How to cite this URL:
Patnaik B, Malik S, Kalsi R. Fluorescein angiography in vascular insufficiencies. Indian J Ophthalmol [serial online] 1973 [cited 2024 Mar 28];21:147-55. Available from: https://journals.lww.com/ijo/pages/default.aspx/text.asp?1973/21/4/147/34620

Arterial obstructions in the retina are dramatic events, specially that of central retinal artery. Complete occlusion of the central retinal artery results generally in total loss of vision. Branch arterial blocks are manifested in corresponding sector field defects with sharp borders. Very commonly there is a re-establishment of a sluggish circulation in course of time. However, if the obstruction has remained for more than a few hours, permanent visual defects persist. Following the obstruction the larger vessels are reduced to threads and smaller ones become almost invisible. The blood column in the artery often gets fragmented. The retina becomes opaque and milky white in 10 minutes to 2 to 3 hours, due to cloudy swelling of the ganglion cells. The fovea being devoid of ganglion cells stands out as a `cherry red spot'. The haziness begins to disappear after one to two days and it takes about 5 weeks for the resumption of normal appearance of the retina. The disc becomes pale. However, there could be less dramatic vascular insufficiencies of as much significance where fundus examina­tion with an ophthalmoscope may reveal very little to help the diagnosis.

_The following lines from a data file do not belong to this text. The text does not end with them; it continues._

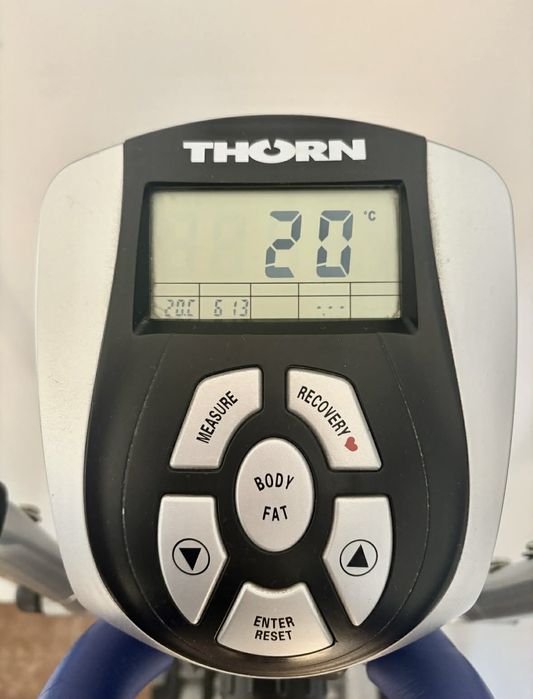 Orbitrek Thorn KH-706 Manual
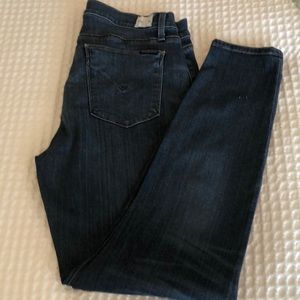 Hudson jeans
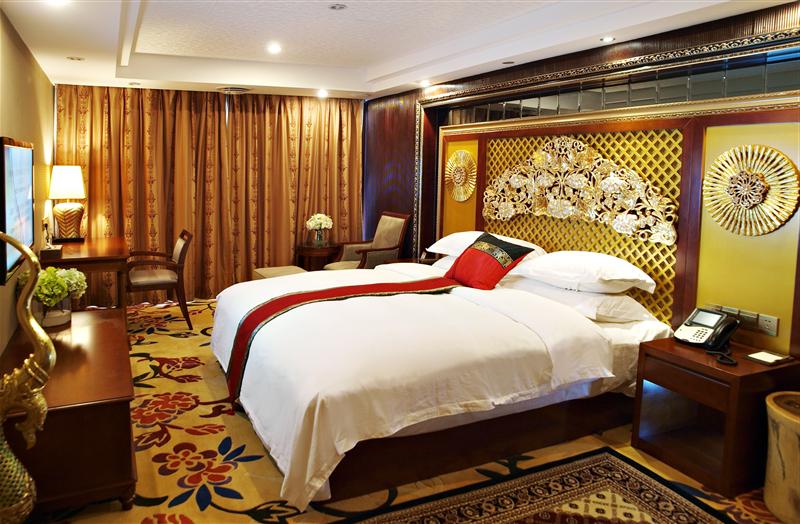 长江三峡 总统号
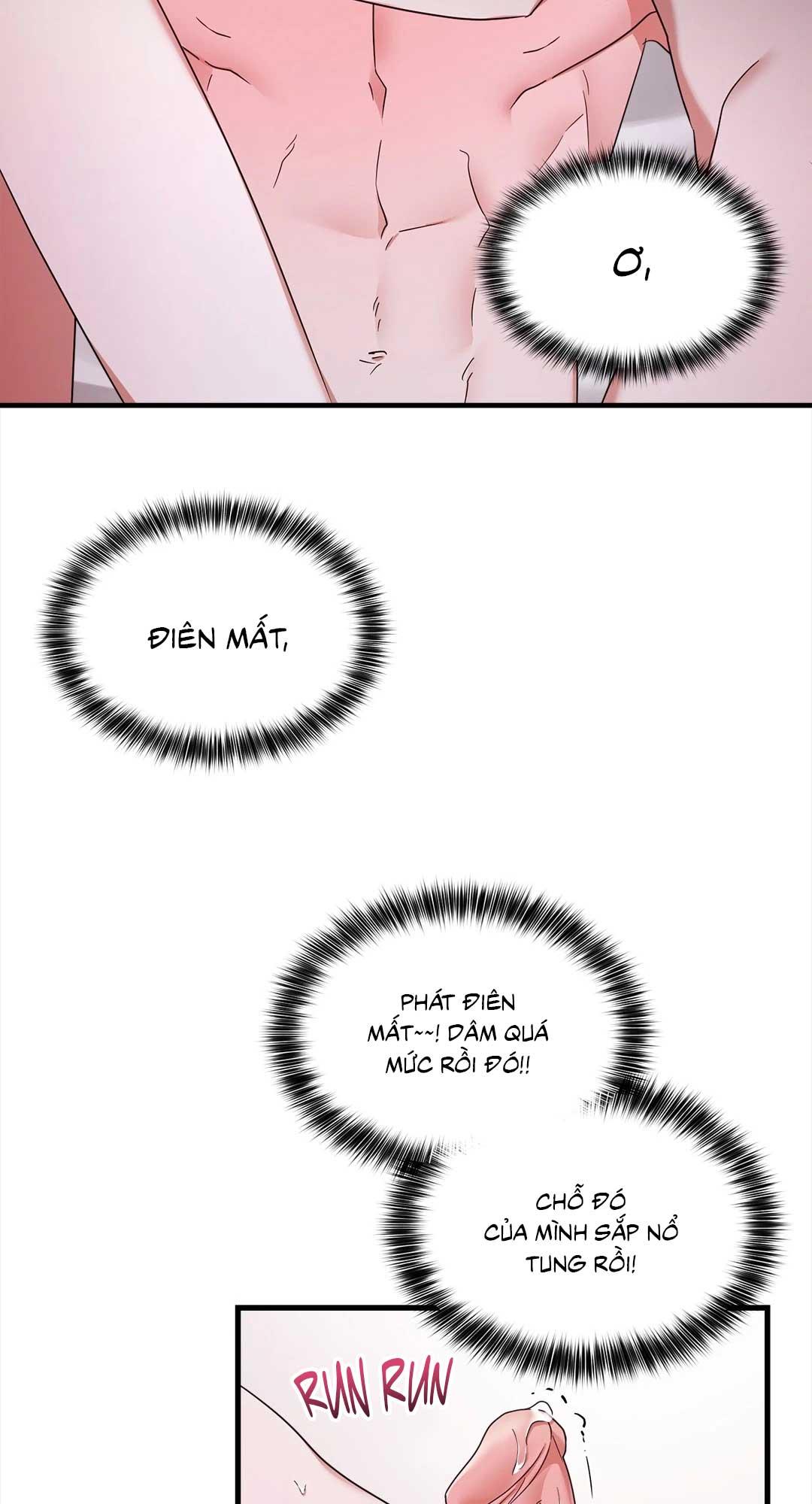 Ký Sự Alpha Chapter 37 H++ - Next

Till the advent of fluorescein retinal angiography (NOVOTNY AND ALVIS 1961) little could be known about the precise state of circulatory dis­turbance. Six representative cases of arterial obstructions studied by fluorescein angiography will be presented to illustrate how much this technique can help a clinician to appreciate the actual state of altered haemodynamics in cases of vascular insufficiencies.

Case-1

A classical complete obstruction of central retinal artery

This 58 years old male complained of sudden painless complete loss of vision in his left eye 10 days earlier. He had no perception of light. Pupil was dilated and was not reacting to direct but reacting normally to consensual light. Media were slightly hazy because of an immature cataract. Disc was pale. Arteries were extremely thin almost thread-like. There was milky white opacity of the retina more marked in the central area with a typical `Cherry red spot' at the fovea. Electroretinography showed an extin­guished pattern. (The usual proce­dure of bulbar massage, administra­tion of amyl nitrate, retrobulbar priscol or duadinol did not have any effect. Administration of oral steroids on the assumption of giant cell arteritis similarly was of no avail).

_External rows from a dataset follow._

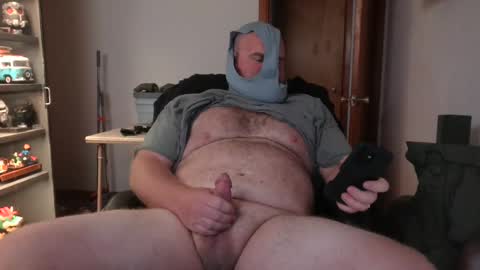 just4u2cumhrd online show from July 27, 9:22 pm
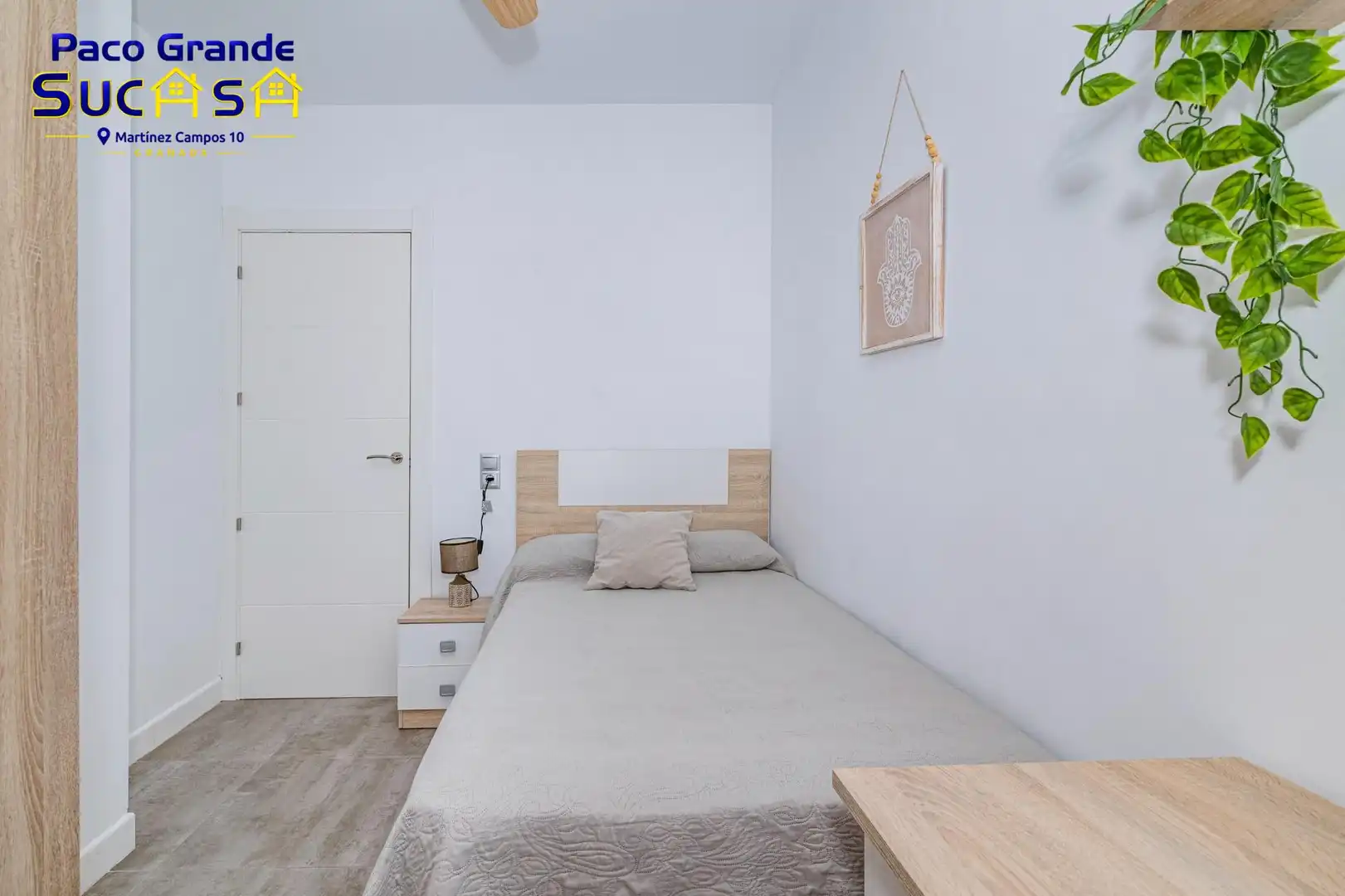 Piso con terraza en venta en Calle Calle Platón 1, imagen 16
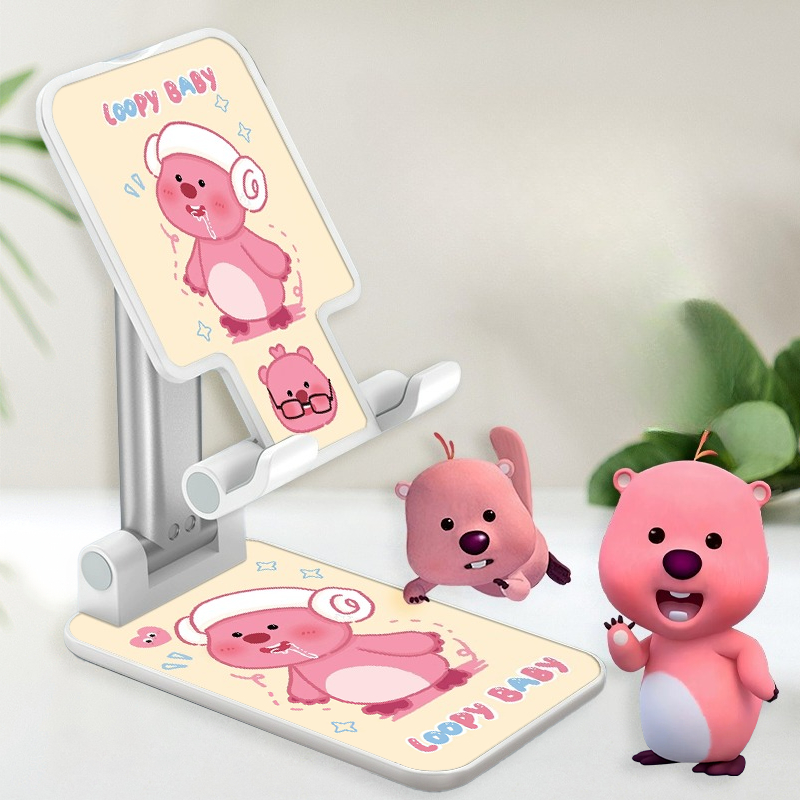 Yeni Sevimli Loopy Çok Fonksiy - Tablet Accessories Online incelemesi ve fiyatı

Fluorescein angiography [Figure - 1]A showed a very slow filling of the branches of central retinal artery. There was a normal flush of fluorescein on the disc during a.v. phase. The fine proximal branches of both central artery and vein were seen getting filled up with the dye [Figure - 1]B. There were segmental pooling of the dye at the distal end of the blood vessels [Figure - 1]C.

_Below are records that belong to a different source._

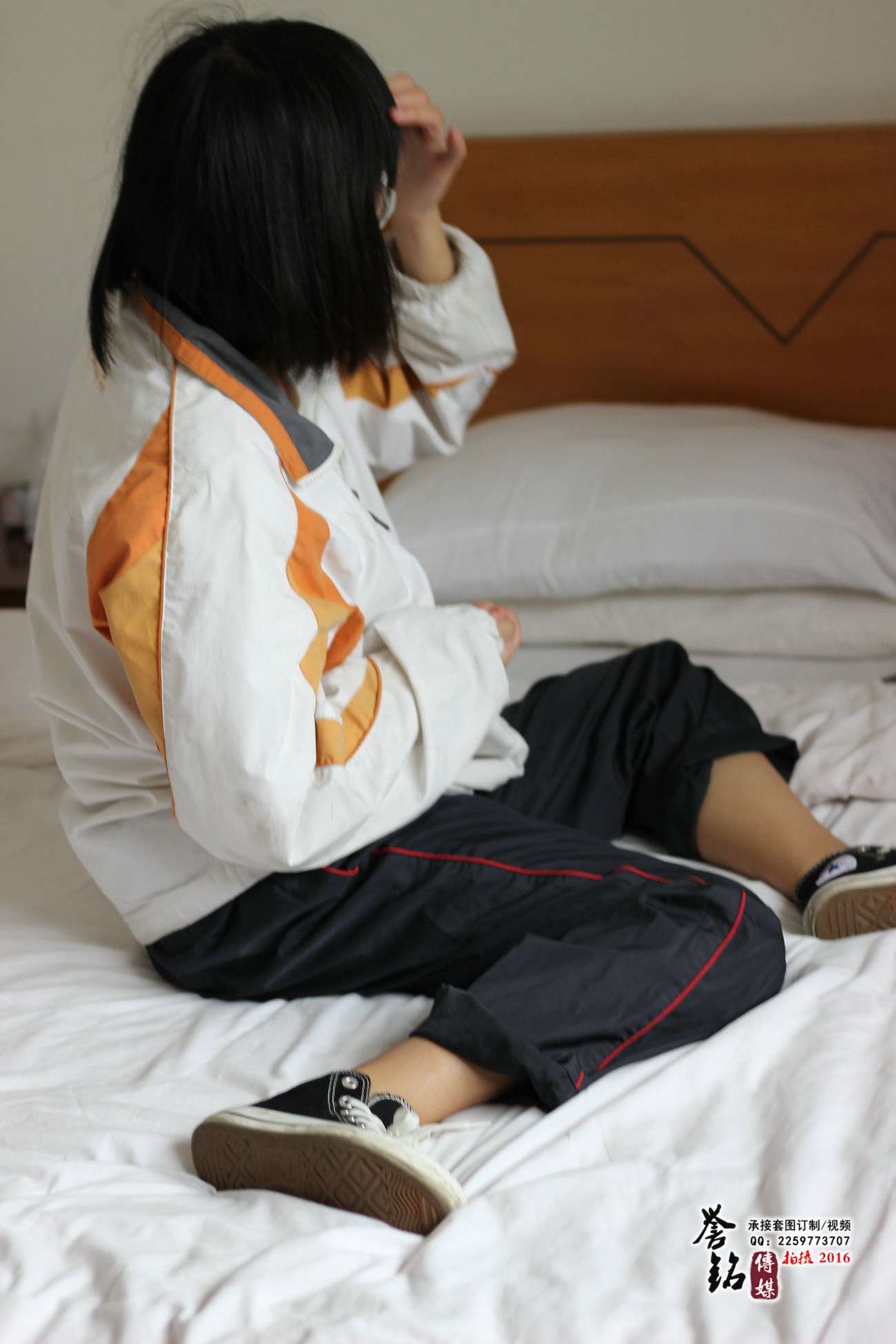 图片[14]-誉铭传媒063- 2016《六十三》[135P] – 速更版-美库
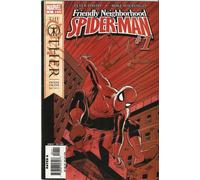 Friendly Neighborhood Spider-man #1 (The Other: Evolve or Die Part 1) December 2005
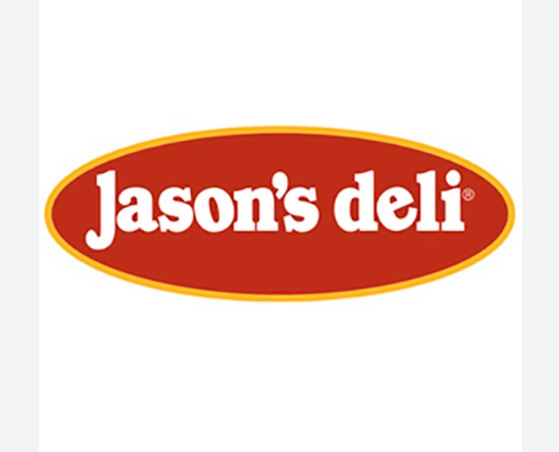 $25 Jason's Deli Gift Card CERTIFICATE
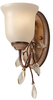 Light Vanity Fixture - VS19101-ARS - Murray Feiss Lighting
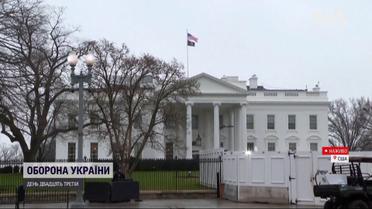 У Білому домі прокоментували переговори Байдена з лідером Китаю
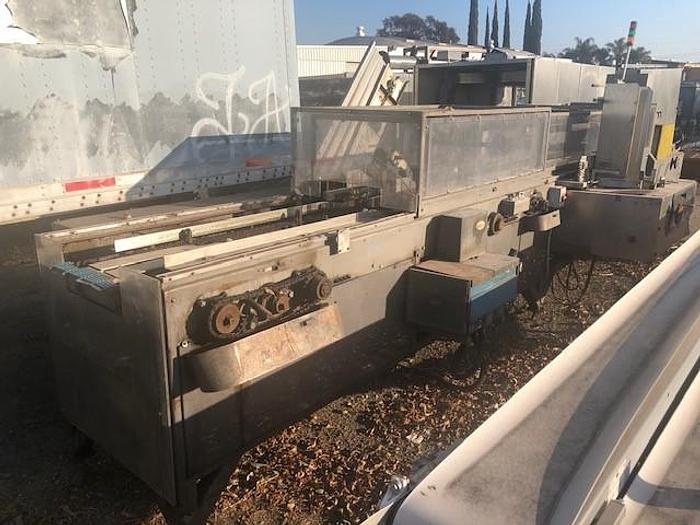 Used Arpac CM-60-28 (Reduced Price!)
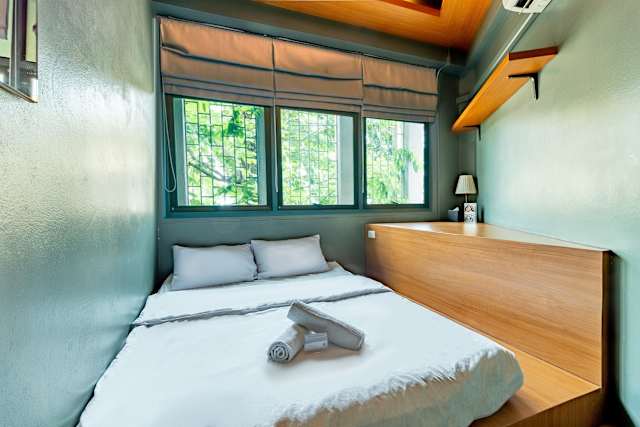 Loftel 22 Bangkok, Bangkok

The right eye was having vision of 6/12 with an immature cataract. The fundus was normal except for increased arterial reflex and sclerotic A.V. changes. The brachial blood pressure was 150/98. His arteries were sclerotic and felt hard. There was no evidence of any cardiovascular or cerebrovascular accident. Carotid pulses were normally felt on both sides. The cherry red spot in the left eye was still clearly visible 3 months after the arterial occlusion.


  Comments Top


This seems to be a typical case of central retinal arterial block as a complication of arteriosclerosis. The obstruction of central retinal artery was presumably at the lamina cribrosa. The fine branches of central retinal vessels around the disc seem to receive fluorescein by way of ciliary artery system. Pooling of dye demon­strates poor circulation. The persis­tence of retinal opaqueness for over 3 months was unusual.

Case-II

This 25 years old female, a case of rheumatic heart disease with mitral regurgitation, aortic stenosis and aortic regurgitation discovered a loss of lower field in the left eye on getting up from a siesta 4 days back. The anterior segments of her eyes were normal, visual acuity was 6/5 in each eye. Left eye fundus [Figure - 2]A showed an opaque retina covering the territory of the supply of upper temporal branch of central retinal artery. The artery was narrow. The blood column was segmented showing slow jerky movement [Figure - 2]B. The white plasma and red (RBC) segment were slowly moving towards the periphery. The field showed a lower nasal and partial lower temporal defect. Macula was spared.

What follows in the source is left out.